## TASK PROMPT
Unless a line falls after the one with "Fototapeta Naklejka Na", retype it exactly from the records below; leave out all pictures.

Brief descriptive captions:

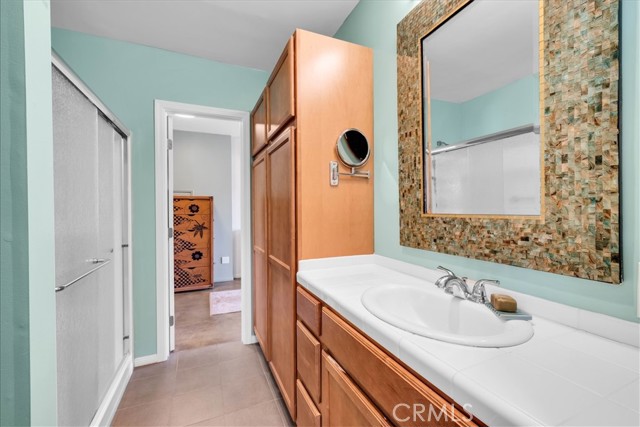 8427 Rock Haven Road, Joshua Tree CA: https://media.crmls.org/medias/abc67c6f-ef8a-4ded-b11d-8a1c2118356f.jpg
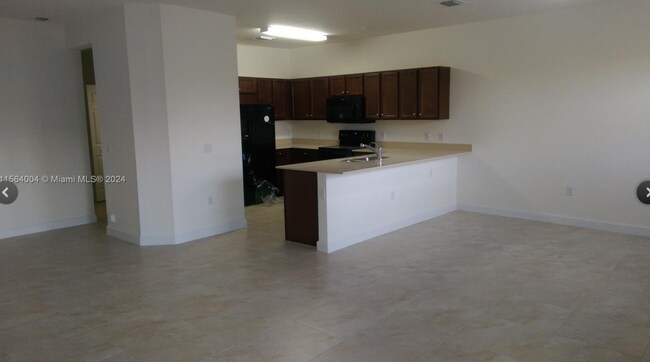 Foto del edificio - 290 NW 109th Ave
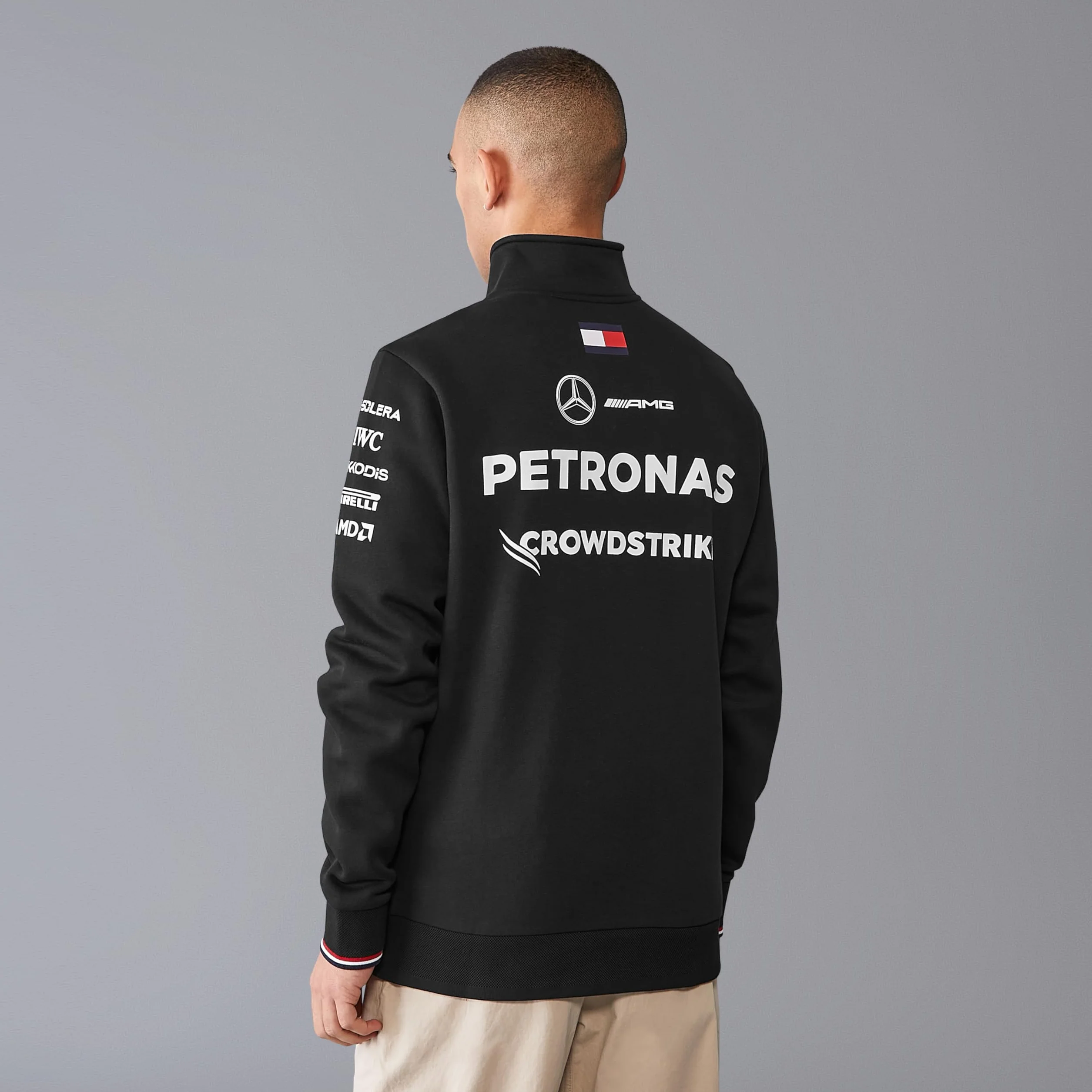 Mercedes AMG Petronas F1 Męski sweter z zamkiem błyskawicznym 2024 - czarny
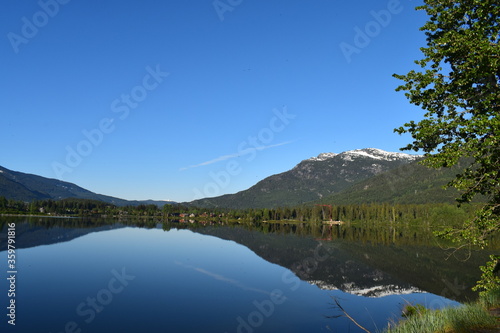 Fototapeta Naklejka Na Ścianę i Meble -  a lake in whistler canada mirror reflection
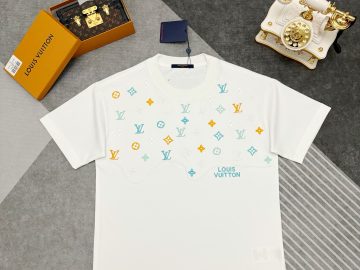 LOUIS VUITTON T shirt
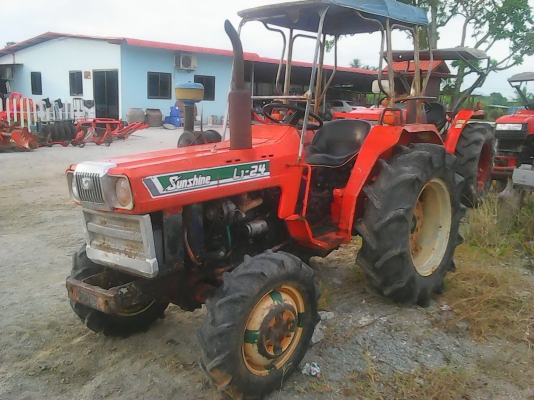ขายคูโบต้าL2402DT 4WD เดิมๆราคาถูกๆผาน5
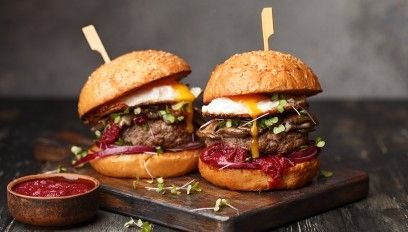 Jak przyprawić mięso na hamburgery? Jakie przyprawy dodać?
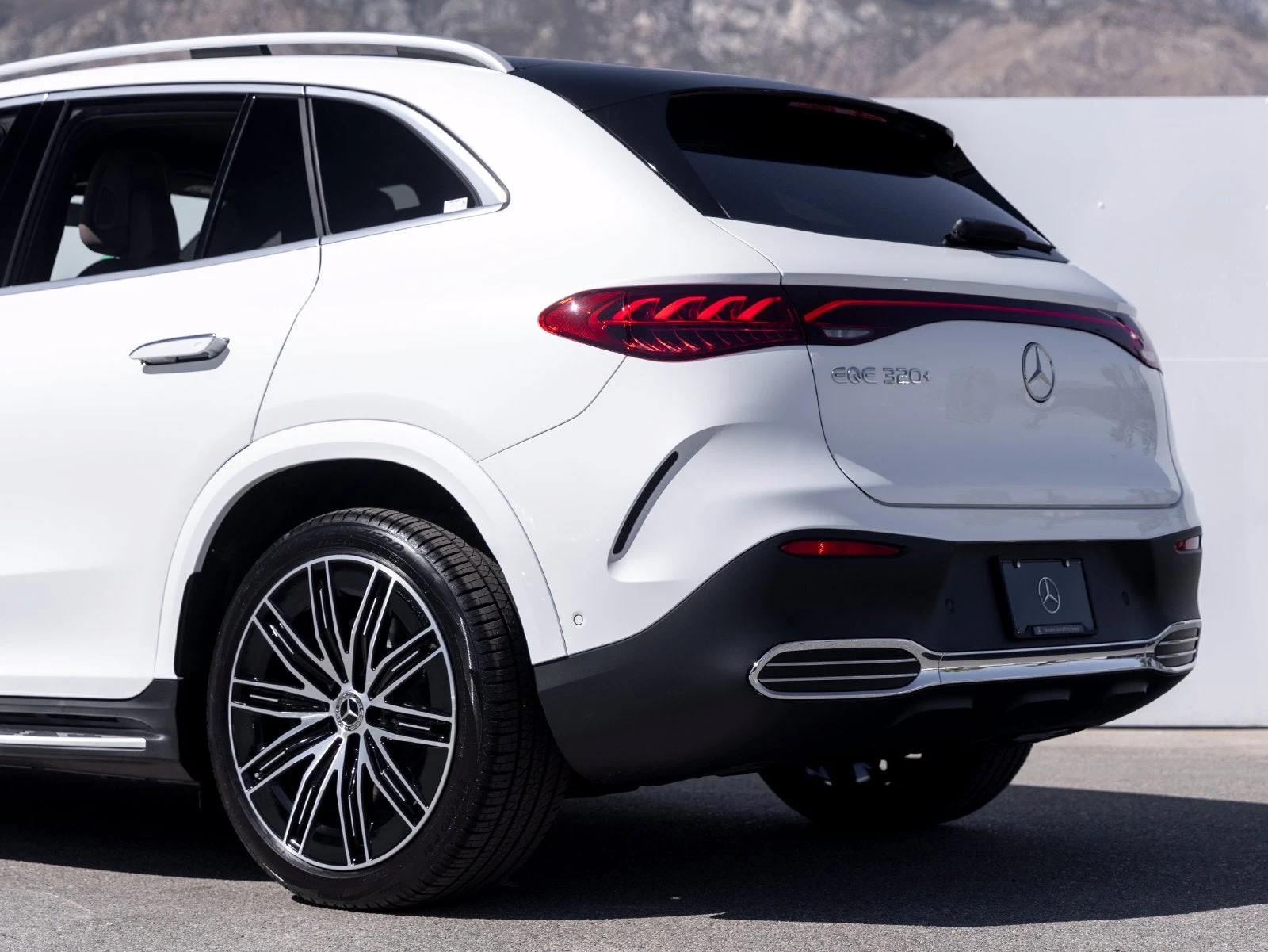 2027 Mercedes-Benz EQE 320+ SUV for sale, exterior, Manufaktur Moonlight White Metallic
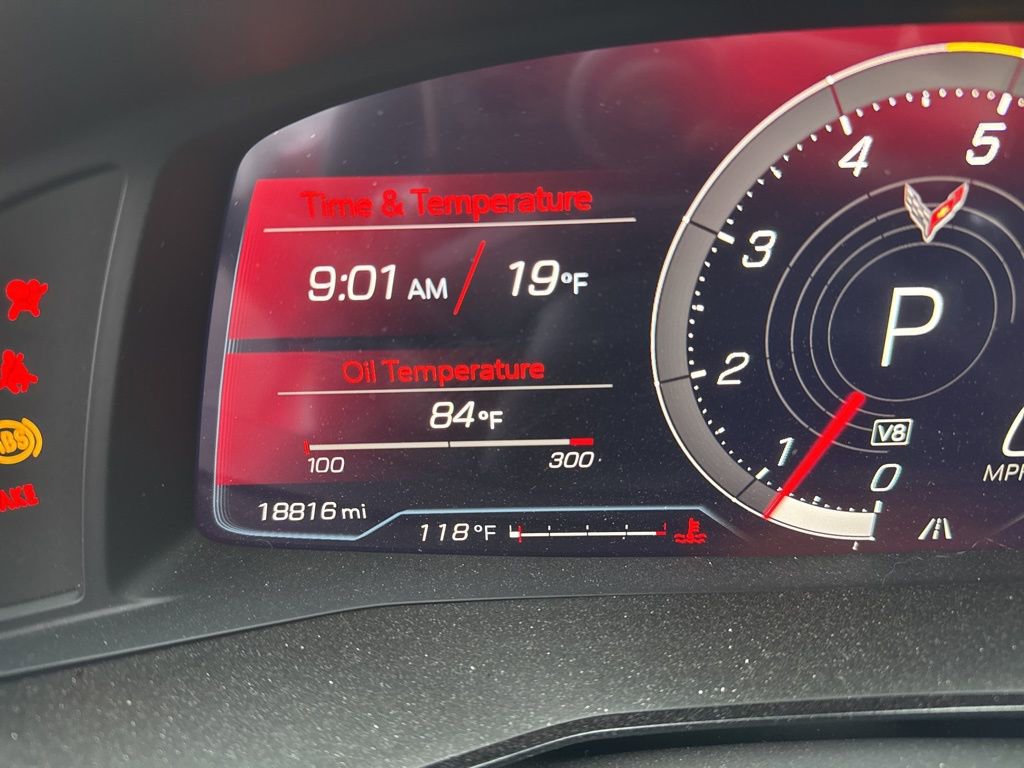 Used 2023 Chevrolet Corvette Stingray w/ Z51 Performance Package image 14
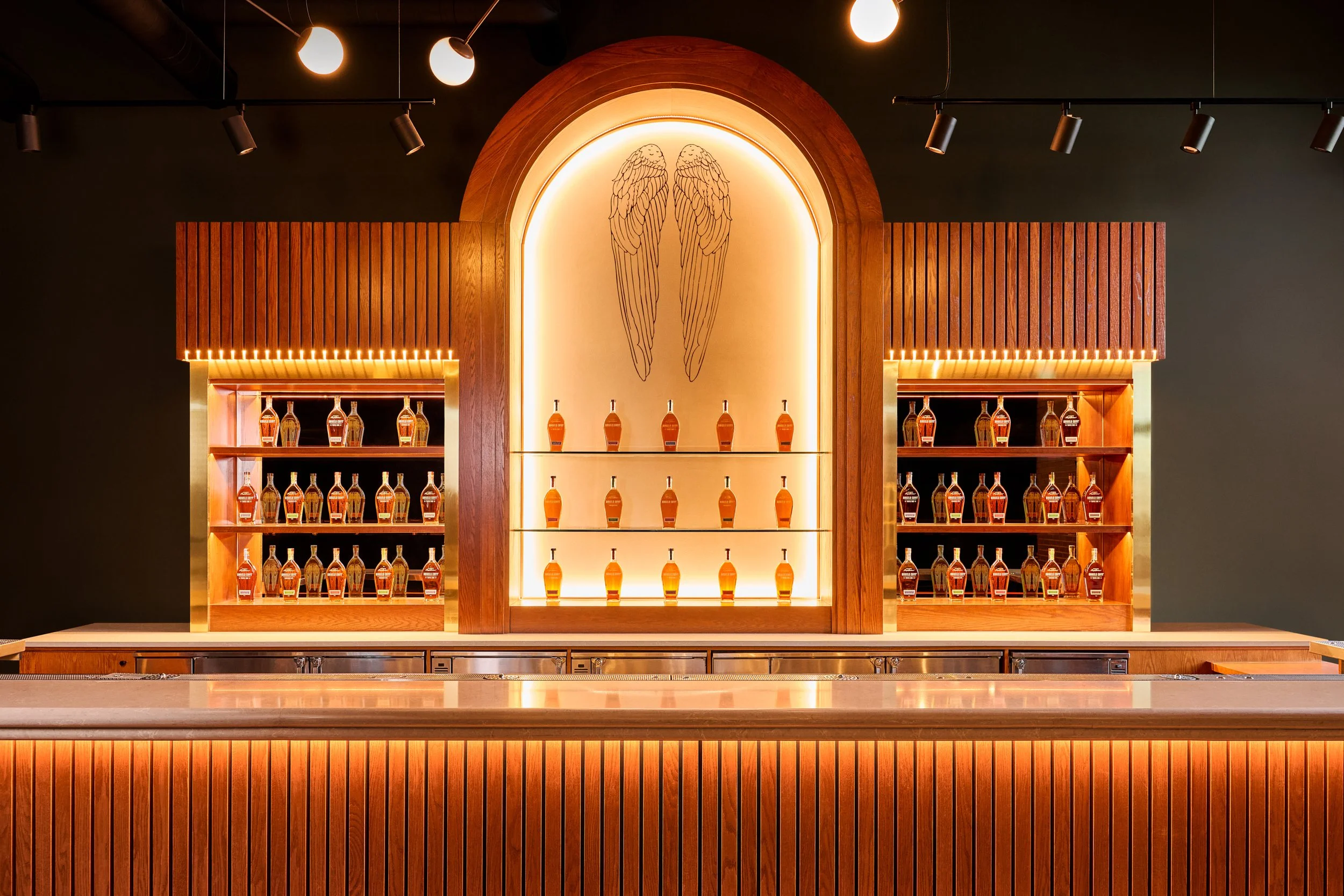 260310_ANGELS_ENVY-08-ToastingBar-0950-MAIN_Final_highres-WEB.jpg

## RESULT
 8427 Rock Haven Road, Joshua Tree CA: https://media.crmls.org/medias/abc67c6f-ef8a-4ded-b11d-8a1c2118356f.jpg
 Foto del edificio - 290 NW 109th Ave
 Mercedes AMG Petronas F1 Męski sweter z zamkiem błyskawicznym 2024 - czarny
 Fototapeta Naklejka Na Ścianę i Meble -  a lake in whistler canada mirror reflection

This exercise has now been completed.